Tuesday, June 7, 2011
Significant salary increases the past 18 months for several highly paid Wichita Fire Department administrators are being scrutinized.
One top official earned a raise topping 36 percent. It's a situation that has other firefighters fired up since it comes at a time when other city jobs are being cut altogether.
As the city continues to look for ways to trim the budget, more than $20-million has already been slashed from the general fund over the last two years. Some jobs and services have vanished completely.
Wichita Firefighters are currently working under an expired contract. The union's request for firefighters to be given a 1% wage increase - denied.

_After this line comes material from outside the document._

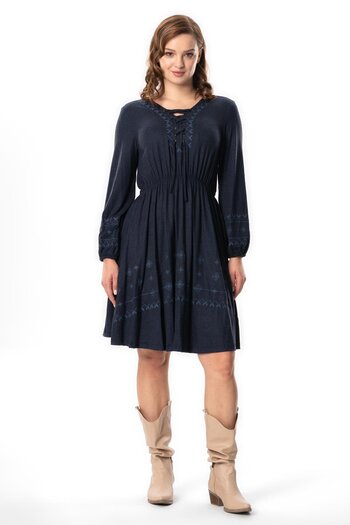 Eliş Şile Bezi Navy Blue Viscose Dress - Long Sleeve, Embroidered Authentic Short Combed Cotton, Autumn and Winter, Lcvt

"The message that there are no funds available to the fire department personnel is very clear and has been sent to us in a variety of forms," said IAFF Local 135 president Rocky Bumgarner. "But when we talk about these raises, upwards of $30,000 in 18 months, that makes it look like there are funds available."
Those raises were for top fire department administrators.
At the end of 2009, Deputy Chief Ron Aaron was making $80,600. His salary was brought up to $90,813 in 2010 and he received another raise this year. His salary is currently $98,629, for a total salary increase of more than 21 percent.
Division Chief Bill Wenzel's 2009 salary was at $70,918. In 2010, he was bumped up to $82,287 and he now makes $98,525 in 2011 for a total salary increase of more than 35.5 percent.
Brad Crisp, as a captain paid hourly in 2009, was promoted two ranks to Fire Marshal. At the time of his promotion, he was making $66,903, which doesn't include overtime and other extras. But after two raises, he now makes a salary of $92,948, which is an increase of nearly 38 percent.
Chief Ron Blackwell defends his decision to increase the salaries above the typical six percent per rank promotion.
"There should be an analysis of each and every penny that comes into this building," Blackwell said. "But what was done here is consistent with the city's policies. These employees have taken on increased responsibilities."
Bumgarner doesn't deny that the employees deserve to be paid more for their promotions, but he believes these increases are unprecedented.
"These raises here, if these personnel received the same 6%, we wouldn't be here at all," he explained. "These raises are much more than six percent."
KAKE News did speak with City Manager Robert Layton today, who told us that he will likely scrutinize any city salary increases that are more than 6-10 percent in the future. Layton made his comments right after today's city council meeting in which all council members and Mayor Carl Brewer deferred their annual pay raises due to the continued rough times at City Hall.
Layton also cited a 2010 mediator's fact finding report that found the city justified in giving the raises. However, the union cites another example in which an employee was promoted from rank-and-file to administration.
Over the last two years, Elizabeth (Tammy) Snow was promoted two steps from captain to division chief. Public records provided by the union indicate she received an across-the-board six percent per-step increase for each promotion and an additional one percent cost-of-living increase in 2011. Snow's 2011 salary stands well below her counterparts at $76,684.30.